■ Activity:
From the data below, set down exactly the lines between the one holding "Foto langkah ke" and the one holding "Βελτιωμένη Λειτουργία Πυρηνικής", inclusive, and no others.

Stored items from a collection:
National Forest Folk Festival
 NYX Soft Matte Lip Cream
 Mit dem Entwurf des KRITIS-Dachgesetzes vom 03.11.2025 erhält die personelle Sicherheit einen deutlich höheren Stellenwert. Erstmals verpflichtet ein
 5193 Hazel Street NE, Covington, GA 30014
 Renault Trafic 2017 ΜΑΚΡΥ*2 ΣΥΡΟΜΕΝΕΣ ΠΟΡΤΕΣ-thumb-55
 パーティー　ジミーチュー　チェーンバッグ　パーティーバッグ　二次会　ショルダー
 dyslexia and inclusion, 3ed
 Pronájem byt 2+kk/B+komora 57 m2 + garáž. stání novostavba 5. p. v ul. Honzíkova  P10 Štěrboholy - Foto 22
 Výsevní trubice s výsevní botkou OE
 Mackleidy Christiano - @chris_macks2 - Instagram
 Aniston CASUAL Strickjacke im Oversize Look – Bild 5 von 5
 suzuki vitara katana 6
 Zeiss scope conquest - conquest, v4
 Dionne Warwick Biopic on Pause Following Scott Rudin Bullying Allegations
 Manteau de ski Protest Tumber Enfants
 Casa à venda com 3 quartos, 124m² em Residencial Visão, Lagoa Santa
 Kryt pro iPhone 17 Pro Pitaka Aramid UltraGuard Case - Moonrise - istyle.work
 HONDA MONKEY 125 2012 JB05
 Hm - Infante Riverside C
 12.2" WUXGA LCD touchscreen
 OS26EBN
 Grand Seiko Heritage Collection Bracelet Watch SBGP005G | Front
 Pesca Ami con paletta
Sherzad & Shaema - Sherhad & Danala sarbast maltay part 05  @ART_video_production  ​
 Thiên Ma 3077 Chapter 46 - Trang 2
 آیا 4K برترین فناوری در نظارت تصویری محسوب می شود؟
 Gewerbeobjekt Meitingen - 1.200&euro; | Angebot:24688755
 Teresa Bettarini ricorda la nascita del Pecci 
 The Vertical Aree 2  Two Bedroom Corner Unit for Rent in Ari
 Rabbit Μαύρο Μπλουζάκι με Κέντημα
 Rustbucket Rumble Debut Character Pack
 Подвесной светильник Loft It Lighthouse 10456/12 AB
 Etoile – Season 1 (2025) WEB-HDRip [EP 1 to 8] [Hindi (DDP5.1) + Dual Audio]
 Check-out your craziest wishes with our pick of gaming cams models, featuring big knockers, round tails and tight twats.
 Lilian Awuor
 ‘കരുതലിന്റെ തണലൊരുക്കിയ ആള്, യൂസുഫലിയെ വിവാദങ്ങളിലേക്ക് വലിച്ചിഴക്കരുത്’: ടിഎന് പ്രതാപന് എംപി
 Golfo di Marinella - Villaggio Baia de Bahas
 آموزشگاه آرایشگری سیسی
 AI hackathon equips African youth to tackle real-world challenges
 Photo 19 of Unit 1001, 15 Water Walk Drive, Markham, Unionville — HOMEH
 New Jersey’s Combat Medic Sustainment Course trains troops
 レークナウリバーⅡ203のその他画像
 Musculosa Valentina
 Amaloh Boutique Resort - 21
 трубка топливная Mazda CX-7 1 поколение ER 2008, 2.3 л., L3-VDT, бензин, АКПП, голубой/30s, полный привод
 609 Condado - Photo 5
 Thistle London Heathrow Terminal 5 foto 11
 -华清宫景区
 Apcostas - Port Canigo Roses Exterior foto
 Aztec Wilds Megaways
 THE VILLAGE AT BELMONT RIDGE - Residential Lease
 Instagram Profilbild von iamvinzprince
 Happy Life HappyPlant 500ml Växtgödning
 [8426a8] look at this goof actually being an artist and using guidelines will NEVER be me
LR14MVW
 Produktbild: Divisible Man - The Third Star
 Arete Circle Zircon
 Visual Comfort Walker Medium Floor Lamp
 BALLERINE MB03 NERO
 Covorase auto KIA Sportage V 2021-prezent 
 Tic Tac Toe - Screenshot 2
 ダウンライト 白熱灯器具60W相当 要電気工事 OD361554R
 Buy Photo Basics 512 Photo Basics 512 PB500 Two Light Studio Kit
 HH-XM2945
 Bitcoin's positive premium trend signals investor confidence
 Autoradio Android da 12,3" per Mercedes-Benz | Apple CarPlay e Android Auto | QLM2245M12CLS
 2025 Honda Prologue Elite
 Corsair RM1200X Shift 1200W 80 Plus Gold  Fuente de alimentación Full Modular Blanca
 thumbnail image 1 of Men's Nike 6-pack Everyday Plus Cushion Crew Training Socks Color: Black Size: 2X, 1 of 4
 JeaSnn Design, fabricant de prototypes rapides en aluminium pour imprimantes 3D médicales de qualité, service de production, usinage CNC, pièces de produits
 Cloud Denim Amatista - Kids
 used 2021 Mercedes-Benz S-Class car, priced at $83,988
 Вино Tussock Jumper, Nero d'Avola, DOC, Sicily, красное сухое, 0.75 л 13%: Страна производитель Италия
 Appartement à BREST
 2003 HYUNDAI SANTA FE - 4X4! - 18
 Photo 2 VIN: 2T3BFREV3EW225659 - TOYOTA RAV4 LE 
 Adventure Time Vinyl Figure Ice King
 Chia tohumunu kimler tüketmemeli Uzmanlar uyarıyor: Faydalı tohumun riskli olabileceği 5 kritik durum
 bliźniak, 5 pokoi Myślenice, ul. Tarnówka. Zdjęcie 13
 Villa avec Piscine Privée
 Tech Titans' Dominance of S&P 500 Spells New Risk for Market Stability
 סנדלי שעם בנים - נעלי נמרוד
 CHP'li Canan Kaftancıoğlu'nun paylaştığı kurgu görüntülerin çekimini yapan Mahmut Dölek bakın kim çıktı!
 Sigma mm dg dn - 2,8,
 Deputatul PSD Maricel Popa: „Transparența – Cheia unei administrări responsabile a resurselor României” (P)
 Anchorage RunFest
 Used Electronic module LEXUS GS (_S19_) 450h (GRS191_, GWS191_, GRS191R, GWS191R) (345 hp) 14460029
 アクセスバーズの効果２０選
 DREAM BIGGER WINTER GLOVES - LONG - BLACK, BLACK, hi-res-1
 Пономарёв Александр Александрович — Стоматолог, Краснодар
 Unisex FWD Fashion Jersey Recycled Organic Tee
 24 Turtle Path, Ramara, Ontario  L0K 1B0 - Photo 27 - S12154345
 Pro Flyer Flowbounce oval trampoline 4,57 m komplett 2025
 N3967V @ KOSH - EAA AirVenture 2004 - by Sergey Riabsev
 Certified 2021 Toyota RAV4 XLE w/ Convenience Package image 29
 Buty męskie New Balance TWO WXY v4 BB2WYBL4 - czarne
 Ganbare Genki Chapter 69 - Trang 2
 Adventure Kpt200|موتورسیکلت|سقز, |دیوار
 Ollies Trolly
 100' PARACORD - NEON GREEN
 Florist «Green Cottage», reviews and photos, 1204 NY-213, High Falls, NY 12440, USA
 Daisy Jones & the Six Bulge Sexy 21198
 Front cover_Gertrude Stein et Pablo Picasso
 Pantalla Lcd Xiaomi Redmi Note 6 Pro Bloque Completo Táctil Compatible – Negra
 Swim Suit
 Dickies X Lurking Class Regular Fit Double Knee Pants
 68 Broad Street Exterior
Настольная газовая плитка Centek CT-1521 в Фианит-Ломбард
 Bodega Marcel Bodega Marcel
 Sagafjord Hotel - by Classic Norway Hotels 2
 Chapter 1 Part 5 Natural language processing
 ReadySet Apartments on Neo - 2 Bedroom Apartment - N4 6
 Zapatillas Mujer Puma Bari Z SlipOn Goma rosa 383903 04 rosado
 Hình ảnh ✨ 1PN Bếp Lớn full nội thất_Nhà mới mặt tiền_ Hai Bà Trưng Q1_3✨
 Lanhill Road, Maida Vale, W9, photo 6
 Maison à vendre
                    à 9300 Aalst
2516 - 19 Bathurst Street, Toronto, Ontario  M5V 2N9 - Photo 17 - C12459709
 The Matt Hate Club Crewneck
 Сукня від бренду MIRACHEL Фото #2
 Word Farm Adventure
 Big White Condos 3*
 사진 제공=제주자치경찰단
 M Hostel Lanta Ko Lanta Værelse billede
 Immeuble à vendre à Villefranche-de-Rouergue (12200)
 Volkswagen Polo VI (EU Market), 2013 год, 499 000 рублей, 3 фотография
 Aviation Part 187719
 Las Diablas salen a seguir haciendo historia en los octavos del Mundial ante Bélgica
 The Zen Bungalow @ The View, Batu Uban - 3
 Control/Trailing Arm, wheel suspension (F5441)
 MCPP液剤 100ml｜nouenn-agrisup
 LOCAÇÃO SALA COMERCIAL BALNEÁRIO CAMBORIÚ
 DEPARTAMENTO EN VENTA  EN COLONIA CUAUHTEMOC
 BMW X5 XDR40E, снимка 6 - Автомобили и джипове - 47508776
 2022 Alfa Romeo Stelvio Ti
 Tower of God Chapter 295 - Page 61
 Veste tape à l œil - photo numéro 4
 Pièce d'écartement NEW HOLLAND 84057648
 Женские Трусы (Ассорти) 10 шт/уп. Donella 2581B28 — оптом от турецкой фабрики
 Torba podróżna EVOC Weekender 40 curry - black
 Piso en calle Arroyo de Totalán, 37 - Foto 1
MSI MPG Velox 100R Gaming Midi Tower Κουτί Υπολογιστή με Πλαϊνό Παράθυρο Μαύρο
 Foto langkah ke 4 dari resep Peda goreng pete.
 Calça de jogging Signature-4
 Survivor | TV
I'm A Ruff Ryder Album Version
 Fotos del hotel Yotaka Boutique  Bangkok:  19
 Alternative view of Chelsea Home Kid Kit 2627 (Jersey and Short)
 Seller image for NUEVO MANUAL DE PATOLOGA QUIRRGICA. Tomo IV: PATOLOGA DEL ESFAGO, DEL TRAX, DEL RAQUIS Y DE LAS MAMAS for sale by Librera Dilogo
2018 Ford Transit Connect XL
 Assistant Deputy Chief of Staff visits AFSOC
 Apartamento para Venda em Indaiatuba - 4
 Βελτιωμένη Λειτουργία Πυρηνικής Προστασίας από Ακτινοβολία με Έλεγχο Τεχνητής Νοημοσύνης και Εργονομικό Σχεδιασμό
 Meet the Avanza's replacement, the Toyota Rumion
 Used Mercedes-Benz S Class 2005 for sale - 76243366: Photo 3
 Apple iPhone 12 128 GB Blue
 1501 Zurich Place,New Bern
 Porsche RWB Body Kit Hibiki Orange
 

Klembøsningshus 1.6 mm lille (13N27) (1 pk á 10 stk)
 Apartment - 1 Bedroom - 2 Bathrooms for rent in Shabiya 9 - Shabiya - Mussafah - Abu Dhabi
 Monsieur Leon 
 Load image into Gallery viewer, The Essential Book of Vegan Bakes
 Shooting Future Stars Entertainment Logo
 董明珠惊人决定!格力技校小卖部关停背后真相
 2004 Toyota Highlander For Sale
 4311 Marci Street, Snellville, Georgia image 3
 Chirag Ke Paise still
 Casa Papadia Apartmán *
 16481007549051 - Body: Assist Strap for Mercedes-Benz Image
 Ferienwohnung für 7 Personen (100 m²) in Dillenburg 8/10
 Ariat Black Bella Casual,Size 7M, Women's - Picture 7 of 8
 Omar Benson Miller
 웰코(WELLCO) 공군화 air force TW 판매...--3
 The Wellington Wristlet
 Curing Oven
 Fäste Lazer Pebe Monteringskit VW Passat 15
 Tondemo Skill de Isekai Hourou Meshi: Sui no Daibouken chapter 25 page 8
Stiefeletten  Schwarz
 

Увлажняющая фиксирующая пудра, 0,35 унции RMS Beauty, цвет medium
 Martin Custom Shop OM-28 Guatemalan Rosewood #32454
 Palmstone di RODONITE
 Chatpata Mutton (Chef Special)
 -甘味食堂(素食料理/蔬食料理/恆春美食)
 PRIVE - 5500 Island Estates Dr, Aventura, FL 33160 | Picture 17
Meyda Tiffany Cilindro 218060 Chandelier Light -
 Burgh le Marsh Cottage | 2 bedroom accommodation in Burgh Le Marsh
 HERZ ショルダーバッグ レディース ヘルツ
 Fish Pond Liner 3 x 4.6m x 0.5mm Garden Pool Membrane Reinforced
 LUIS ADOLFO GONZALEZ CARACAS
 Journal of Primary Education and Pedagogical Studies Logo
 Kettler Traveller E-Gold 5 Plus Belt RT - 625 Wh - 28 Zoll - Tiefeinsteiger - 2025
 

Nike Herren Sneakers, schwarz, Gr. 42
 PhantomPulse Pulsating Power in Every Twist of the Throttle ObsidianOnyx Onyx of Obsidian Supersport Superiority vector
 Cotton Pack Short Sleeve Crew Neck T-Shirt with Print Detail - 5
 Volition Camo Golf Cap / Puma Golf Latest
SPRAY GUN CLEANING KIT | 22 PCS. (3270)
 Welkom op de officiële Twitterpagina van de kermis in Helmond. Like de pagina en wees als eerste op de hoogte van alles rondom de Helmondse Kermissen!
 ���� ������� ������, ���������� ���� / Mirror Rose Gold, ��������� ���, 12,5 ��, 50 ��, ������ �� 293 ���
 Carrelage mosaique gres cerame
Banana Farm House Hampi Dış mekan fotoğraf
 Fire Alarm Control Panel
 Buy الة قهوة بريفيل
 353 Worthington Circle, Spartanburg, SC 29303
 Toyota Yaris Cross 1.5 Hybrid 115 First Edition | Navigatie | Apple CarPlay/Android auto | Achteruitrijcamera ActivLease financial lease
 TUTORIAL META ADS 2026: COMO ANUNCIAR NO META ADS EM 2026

■ Problem solution:
 Foto langkah ke 4 dari resep Peda goreng pete.
 Calça de jogging Signature-4
 Survivor | TV
I'm A Ruff Ryder Album Version
 Fotos del hotel Yotaka Boutique  Bangkok:  19
 Alternative view of Chelsea Home Kid Kit 2627 (Jersey and Short)
 Seller image for NUEVO MANUAL DE PATOLOGA QUIRRGICA. Tomo IV: PATOLOGA DEL ESFAGO, DEL TRAX, DEL RAQUIS Y DE LAS MAMAS for sale by Librera Dilogo
2018 Ford Transit Connect XL
 Assistant Deputy Chief of Staff visits AFSOC
 Apartamento para Venda em Indaiatuba - 4
 Βελτιωμένη Λειτουργία Πυρηνικής Προστασίας από Ακτινοβολία με Έλεγχο Τεχνητής Νοημοσύνης και Εργονομικό Σχεδιασμό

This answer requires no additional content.